Marcelo e Santana já estiveram do mesmo lado, depois em choque aberto (em candidaturas diferentes ao congresso, em rota de colisão quando Santana foi Primeiro-Ministro e Marcelo assomava na TVI como comendador…), finalmente apaziguados. Rio já esteve contra Santana e Marcelo, ao mesmo tempo, depois com Marcelo Rebelo de Sousa (não tendo terminado bem), e com Santana, à vez.
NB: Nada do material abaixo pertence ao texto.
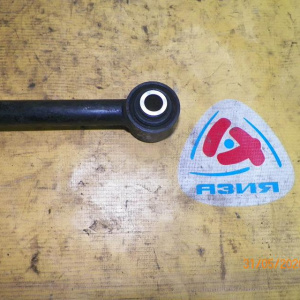 Тяга поперечная Toyota AE100/AE101 Corolla Levin/Corolla Ceres/Sprinter Marino/Sprinter Trueno R н GE. Не регулируемая.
Aliás os bastidores e a ribalta das alianças, desencontros e traições entre Santana Lopes, Rui Rio, Marcelo Rebelo de Sousa, Pedro Passos Coelho, Miguel Relvas, ou Manuela Ferreira Leite são sobejamente conhecidos. E estas personalidades andam todas por aí há lustros e décadas. 
No mais atribulado momento da vida política de Pedro Santana Lopes – quando foi Primeiro-Ministro do XVI Governo Constitucional – é legítimo supor que, quando se queixou dos familiares de que vinham visitar um bebé prematuro, “ainda na incubadora”, e em vez o acarinharem lhe davam pontapés, Marcelo seria um dos visados. As críticas do comentador na TVI doíam tanto que Rui Gomes da Silva, Ministro dos Assuntos Parlamentares, disse:
Nem o PS, o PCP e o BE juntos conseguem destilar tanto ódio ao Primeiro-Ministro e ao Governo como esse comentador [Marcelo], que transmite sistematicamente um conjunto de mentiras com desfaçatez e sem qualquer vergonha”.
E a posição marcelista e a de outros barões do PSD deram jeito a Sampaio para legitimar a dissolução do Parlamento em que havia uma maioria que apoiava um governo legitimamente nomeado e empossado. Não se diga que Santana não foi eleito. Em tempo de crise partidária decide o Conselho Nacional, como sucedeu com Balsemão por morte de Sá Carneiro.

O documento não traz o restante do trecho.